Следует уведомить вас, м-сье маркиз, о неожиданном успехе моей картины. Надо принять во внимание неохоту, с которой римский народ соглашается признать какое-либо достоинство у французского живописца. Но на этот раз делают это от всего сердца, и стечение народа к моей картине столь же велико, как на представление комедии «Обольститель».
Каким удовольствием было бы для вас стать тому свидетелем; по крайней мере опишу вам это. Начали прежде всех иностранные художники, а затем и итальянские, причем их преувеличенные похвалы дошли до сведения знати. Она толпами направилась, сюда, и в Риме сейчас только и говорят, что о французском живописце, о «Горациях». Сегодня утром у меня беседа с венецианским посланником. Кардиналы желают видеть это редкое животное, и все устремляются ко мне, и, так как известно, что картина скоро будет отправлена, каждый торопится ее посмотреть.
Я знаю только одного человека, который настроен против меня. Это м-сье д'Азенкур, недовольный тем, что я с ним не посоветовался, и в особенности тем, что я написал в моем архитектурном фоне арки, опирающиеся на колонны, которые, по его мнению, возводили только во времена поздней империи.
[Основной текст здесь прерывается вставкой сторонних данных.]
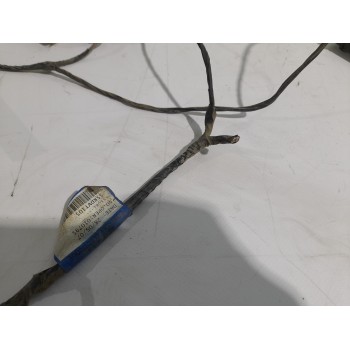 Recambio de sensor de aparcamiento para renault laguna ii (bg0) 1.9 dci diesel fap referencia OEM IAM 8200592855  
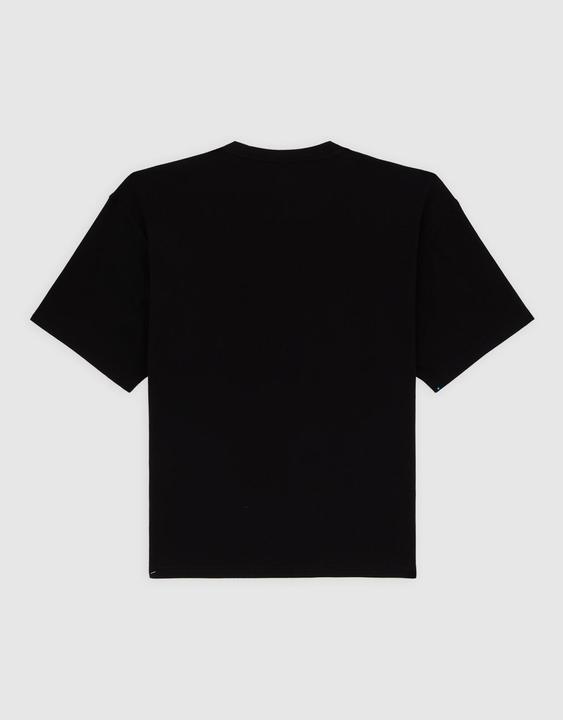 Produktbild Dickies Laundry Boxy Ss Tee Black (L)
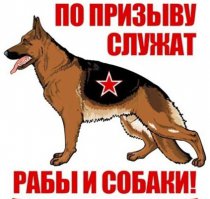 Призывники и сменная обувь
Но как он ни учен, ему следовало бы быть еще ученее и знать, что в эпоху, к которой относится сюжет моей картины, в Италии задавала тон Этрурия, что римляне подражали этрускам, лишь позднее впавшим в величайшее невежество в отношении искусств…
…Итак, я удовлетворен своим успехом в Риме, превзошедшим все мои ожидания. У меня есть сонеты, которые я вам покажу. Но для полного счастья мне недостает уверенности, эго картина будет хорошо выставлена в Париже (милость, которая мне еще не была оказана), причина заключается в моем возрасте, и я льщу себя надеждой, что, когда я буду писать дрянь, меня поместят лучше. Если бы вы очутились в таком же положении, м-сье маркиз, и увидели бы, что вашу комедию дурно играют, — разве вы были бы довольны? Ну, хорошая или дурная экспозиция — это одно и то же. Вы проявили дружеское расположение ко мне, сказав, чтобы я предупредил вас о месте, которое мне казалось бы самым подходящим, — так вот оно. Это то место, где был четыре года назад Леонардо да Винчи и два года назад картина дю Рамо «Клоринда». В величине моей картины, о чем вы меня спрашиваете, я превысил размеры, которые мне были предписаны при заказе для короля. Эти размеры были мне даны: 10 на 10 футов… Но, переворачивая композицию на все лады, видя, что она теряет свою энергию, я перестал делать картину для короля, я делал ее для себя…
…Прошу вас, м-сье маркиз, повидаться с м-сье д'Анживийе, и ваша дружба подскажет вам остальное.
Имею честь пребывать с полным уважением, м-сье маркиз, вашим покорнейшим слугой.